**Records to use:**

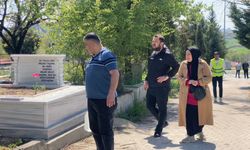 Vatandaşlar Edirnekapı Şehitliği’ni ziyaret etti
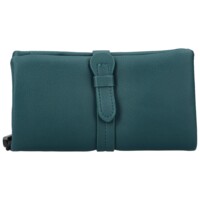 Dámská peněženka modrozelená - Paolo bags Jeami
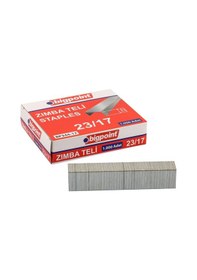 Resim Bigpoint Zımba Teli 23-17 10 Lu Paket Arşiv Zımba Makinesi Teli 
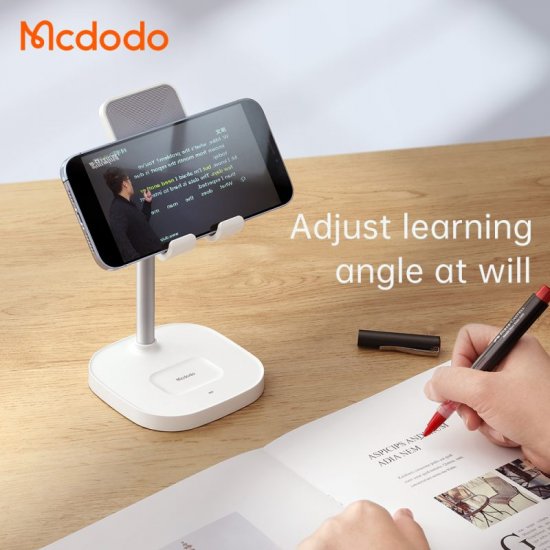 Karikues Wireless Mcdodo 2 in 1 | Desktop Wireless Charger 20W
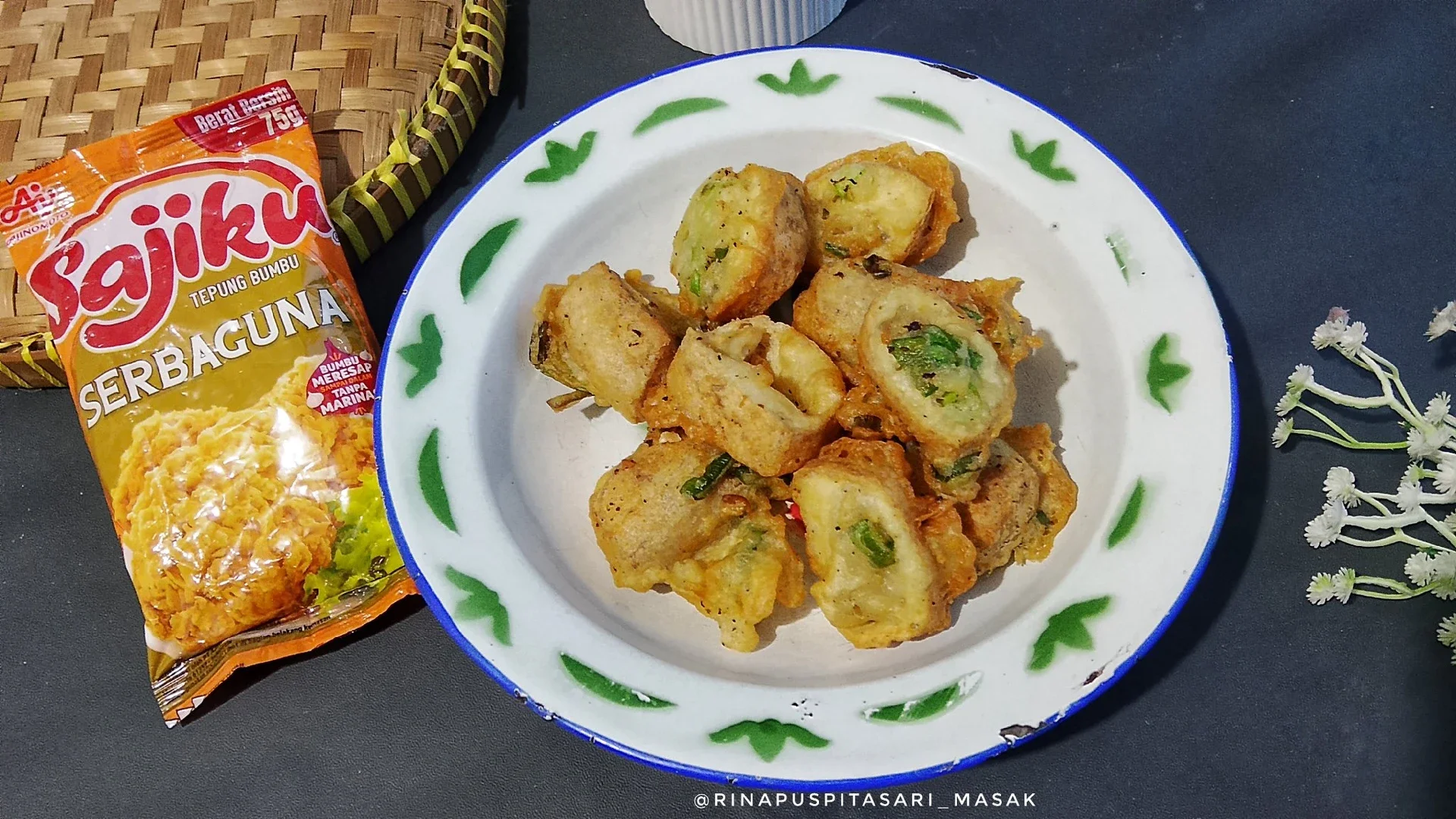 Tahu Pong Krispi Goreng Tepung ala Sajiku®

**Work instruction:** Please output the records exactly, leaving the pictures out.

**Task result:**
 Vatandaşlar Edirnekapı Şehitliği’ni ziyaret etti
 Dámská peněženka modrozelená - Paolo bags Jeami
 Resim Bigpoint Zımba Teli 23-17 10 Lu Paket Arşiv Zımba Makinesi Teli 
 Karikues Wireless Mcdodo 2 in 1 | Desktop Wireless Charger 20W
 Tahu Pong Krispi Goreng Tepung ala Sajiku®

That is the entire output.